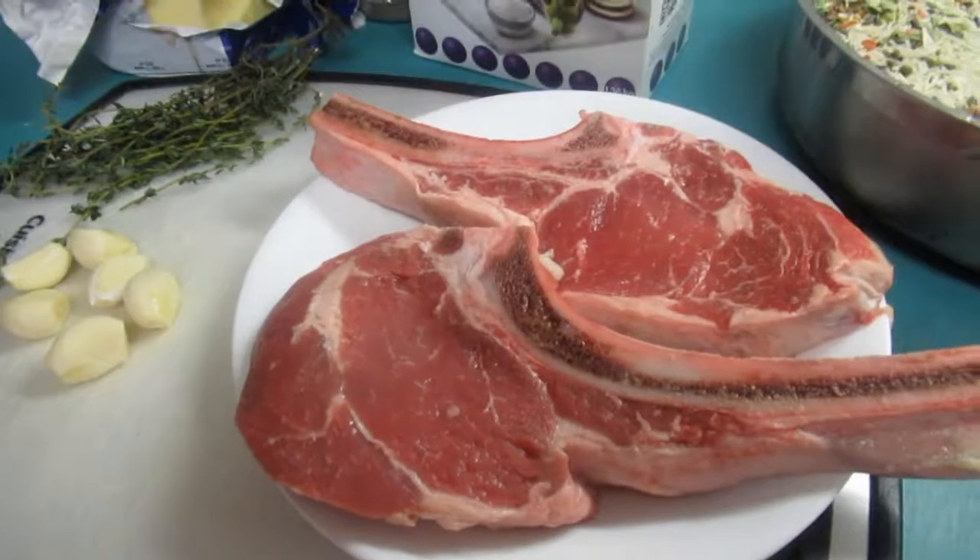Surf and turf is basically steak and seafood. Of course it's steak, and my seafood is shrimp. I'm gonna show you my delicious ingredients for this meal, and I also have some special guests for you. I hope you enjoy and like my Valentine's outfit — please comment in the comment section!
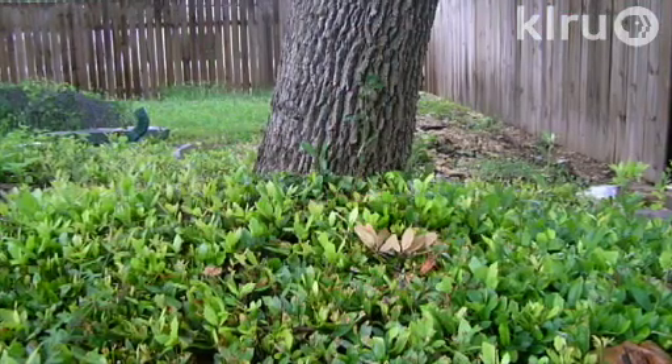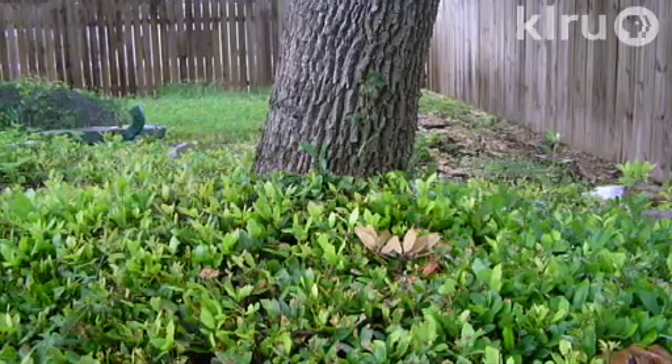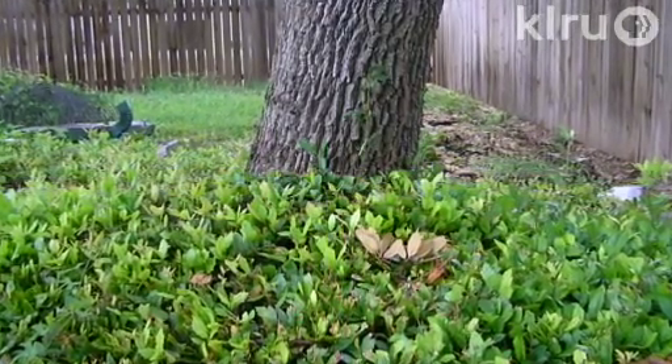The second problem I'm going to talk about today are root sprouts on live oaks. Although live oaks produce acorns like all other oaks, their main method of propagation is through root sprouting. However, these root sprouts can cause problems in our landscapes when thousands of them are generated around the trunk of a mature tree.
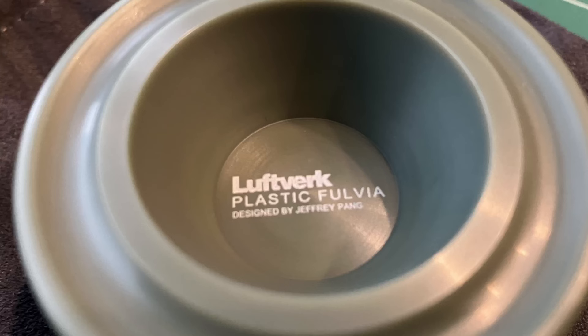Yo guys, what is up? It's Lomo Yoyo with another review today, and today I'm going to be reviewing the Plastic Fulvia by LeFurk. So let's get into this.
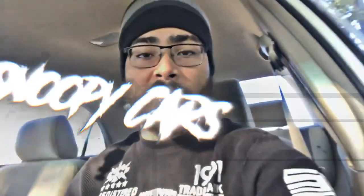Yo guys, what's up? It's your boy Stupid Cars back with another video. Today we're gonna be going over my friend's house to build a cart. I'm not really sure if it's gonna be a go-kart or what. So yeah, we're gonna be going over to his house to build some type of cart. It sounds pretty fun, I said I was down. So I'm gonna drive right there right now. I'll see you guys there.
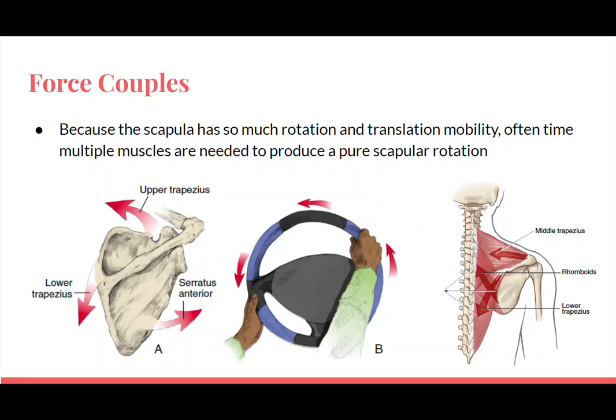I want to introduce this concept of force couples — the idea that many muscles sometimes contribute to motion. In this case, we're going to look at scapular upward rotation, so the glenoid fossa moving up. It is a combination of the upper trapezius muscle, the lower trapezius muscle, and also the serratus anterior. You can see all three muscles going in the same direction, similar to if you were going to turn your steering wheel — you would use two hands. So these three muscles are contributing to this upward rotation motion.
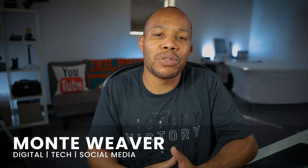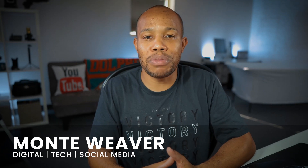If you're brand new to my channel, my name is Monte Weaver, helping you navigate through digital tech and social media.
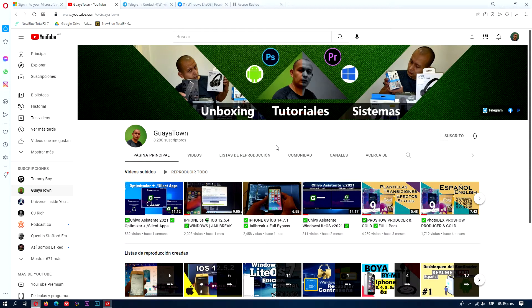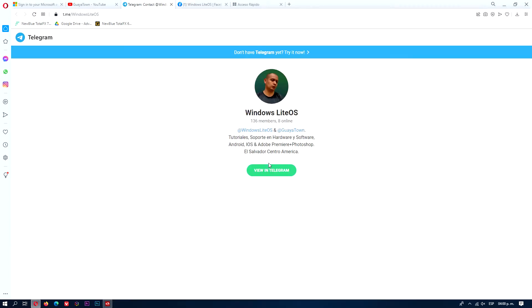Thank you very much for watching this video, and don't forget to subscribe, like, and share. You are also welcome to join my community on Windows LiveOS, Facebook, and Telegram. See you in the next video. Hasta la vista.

* * *

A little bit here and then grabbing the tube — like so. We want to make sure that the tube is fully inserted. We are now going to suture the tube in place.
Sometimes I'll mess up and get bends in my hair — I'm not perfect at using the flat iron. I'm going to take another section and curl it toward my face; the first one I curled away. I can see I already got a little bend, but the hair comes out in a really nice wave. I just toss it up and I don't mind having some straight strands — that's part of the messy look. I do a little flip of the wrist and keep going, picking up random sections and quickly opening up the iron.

• YOUR ASSIGNMENT: Only one stretch of the material above is wanted: the line containing "I want to introduce" through the line containing "If you're brand". Restate it word for word, minus the pictures.

• EXERCISE SOLUTION:
I want to introduce this concept of force couples — the idea that many muscles sometimes contribute to motion. In this case, we're going to look at scapular upward rotation, so the glenoid fossa moving up. It is a combination of the upper trapezius muscle, the lower trapezius muscle, and also the serratus anterior. You can see all three muscles going in the same direction, similar to if you were going to turn your steering wheel — you would use two hands. So these three muscles are contributing to this upward rotation motion.
If you're brand new to my channel, my name is Monte Weaver, helping you navigate through digital tech and social media.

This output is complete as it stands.